● **EXERCISE INPUTS**
______________________________

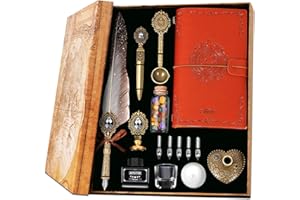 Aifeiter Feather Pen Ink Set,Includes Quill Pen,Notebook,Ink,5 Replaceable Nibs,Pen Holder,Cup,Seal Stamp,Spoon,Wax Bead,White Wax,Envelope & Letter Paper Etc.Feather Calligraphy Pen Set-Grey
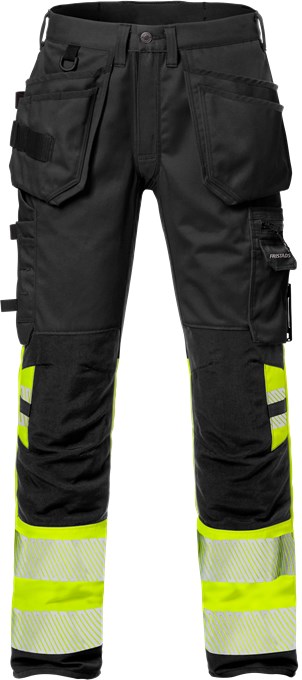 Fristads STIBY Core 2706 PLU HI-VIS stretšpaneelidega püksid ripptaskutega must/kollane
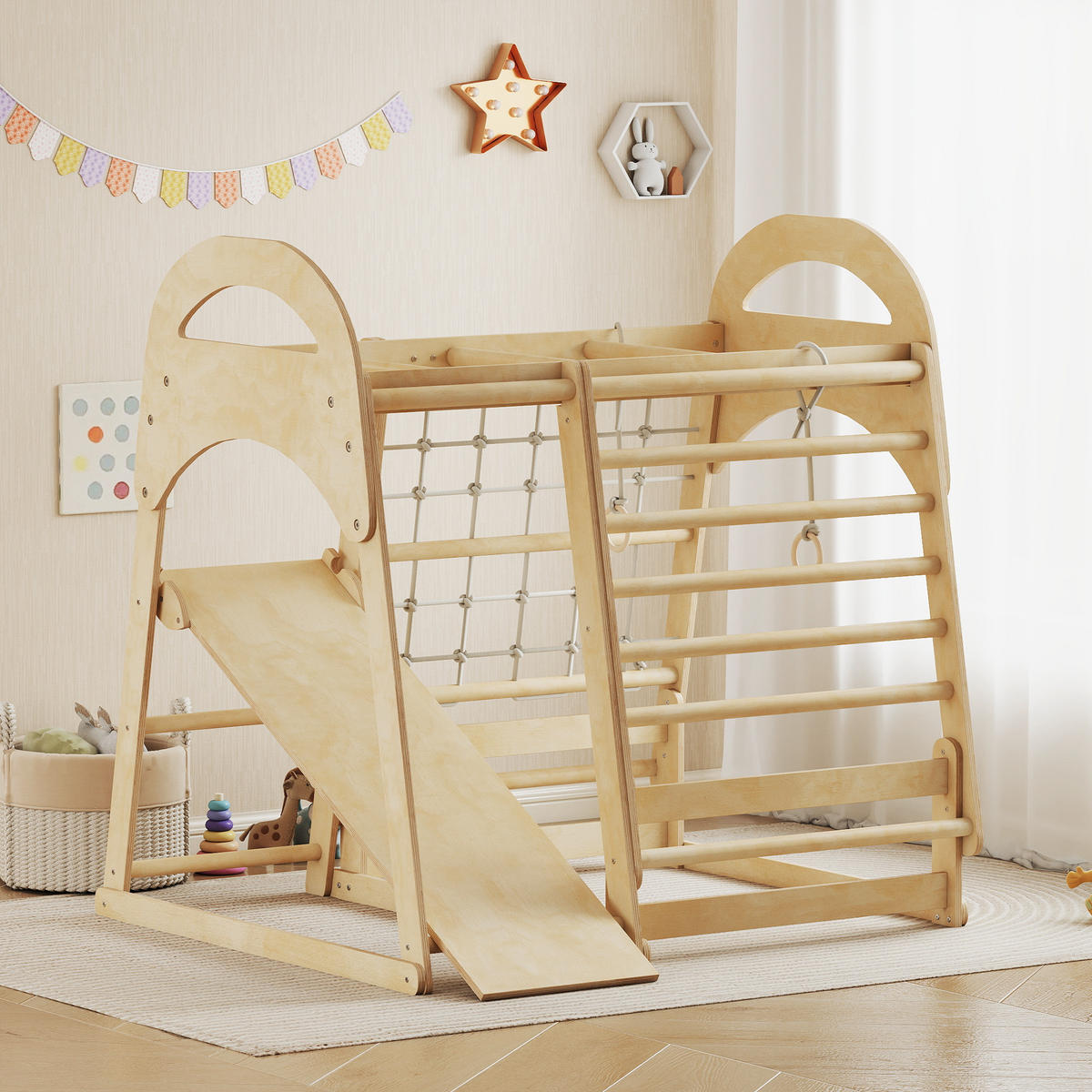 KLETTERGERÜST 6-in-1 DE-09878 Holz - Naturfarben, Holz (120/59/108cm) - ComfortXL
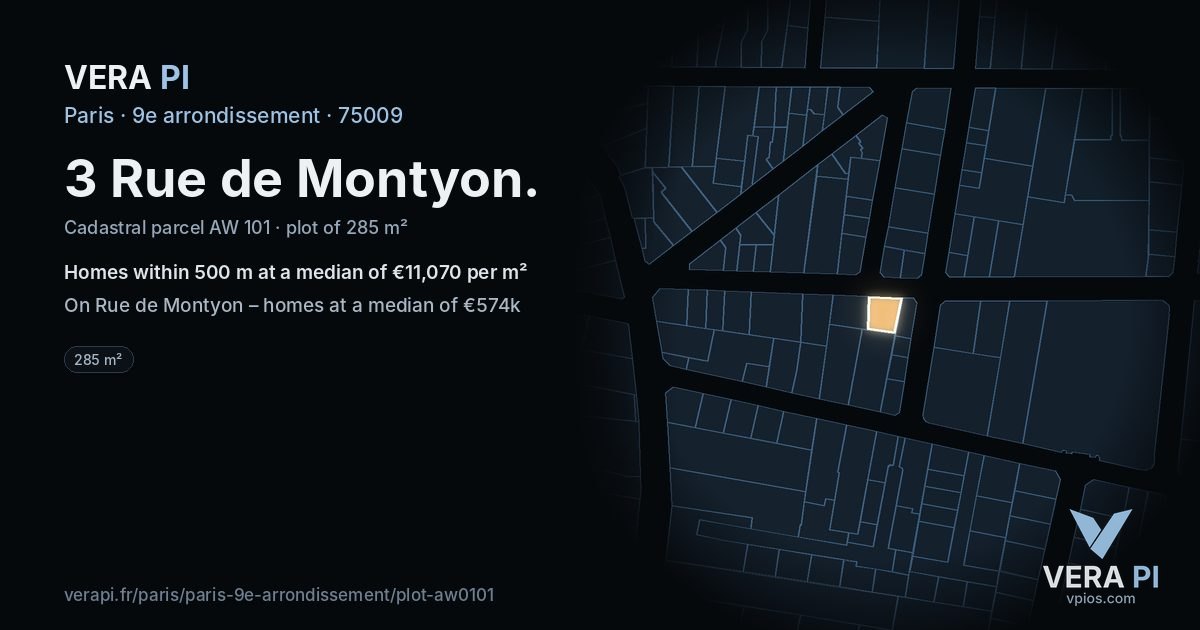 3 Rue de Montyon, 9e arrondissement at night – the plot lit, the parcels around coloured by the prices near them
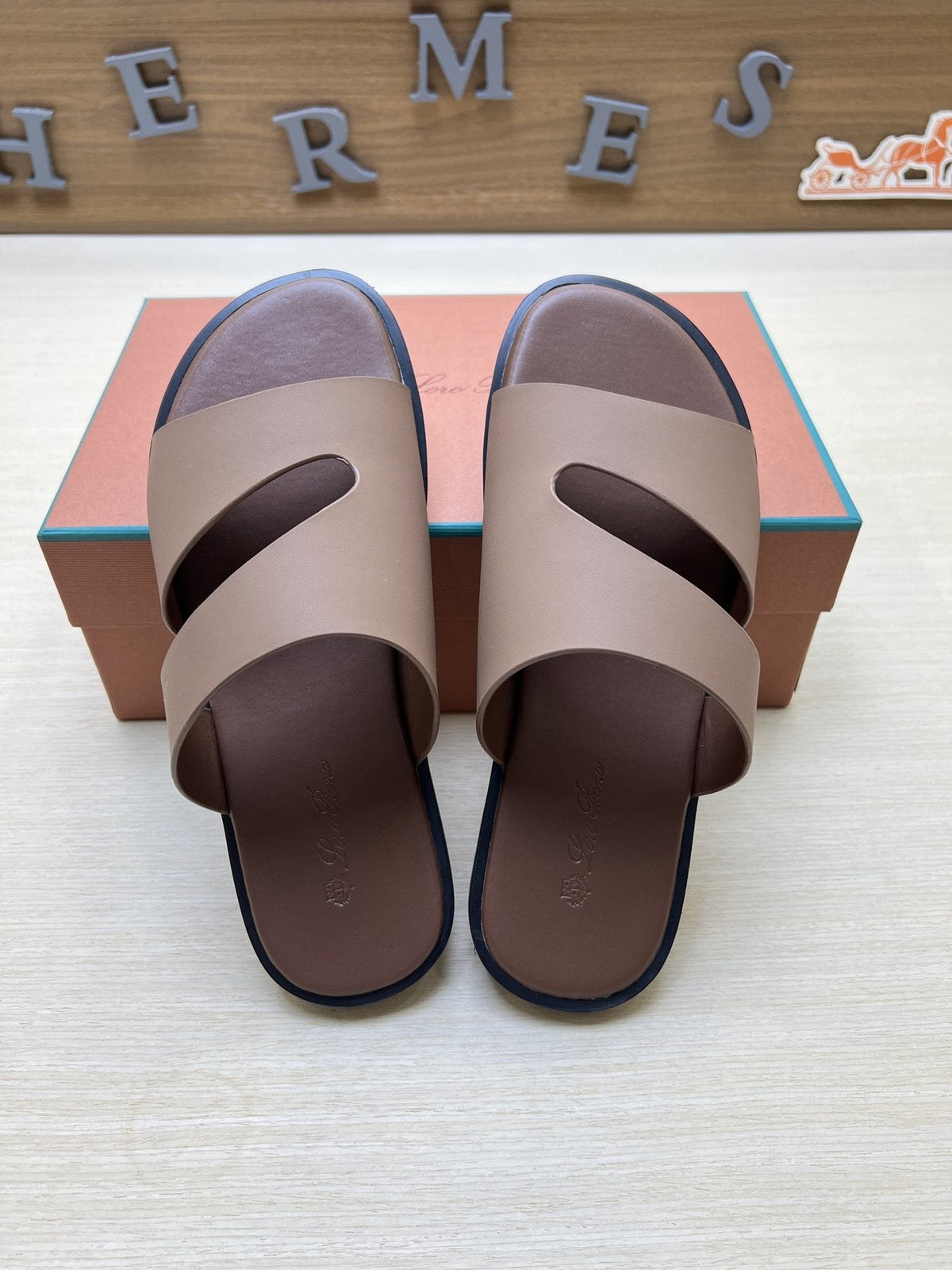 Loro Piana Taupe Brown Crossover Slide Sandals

______________________________

● **REQUIRED ACTION**
Every line from the one containing "KLETTERGERÜST 6-in-1 DE-09878" through the end of the entries above is to be copied exactly; pictures are to be left out.

● **TASK OUTPUT**
 KLETTERGERÜST 6-in-1 DE-09878 Holz - Naturfarben, Holz (120/59/108cm) - ComfortXL
 3 Rue de Montyon, 9e arrondissement at night – the plot lit, the parcels around coloured by the prices near them
 Loro Piana Taupe Brown Crossover Slide Sandals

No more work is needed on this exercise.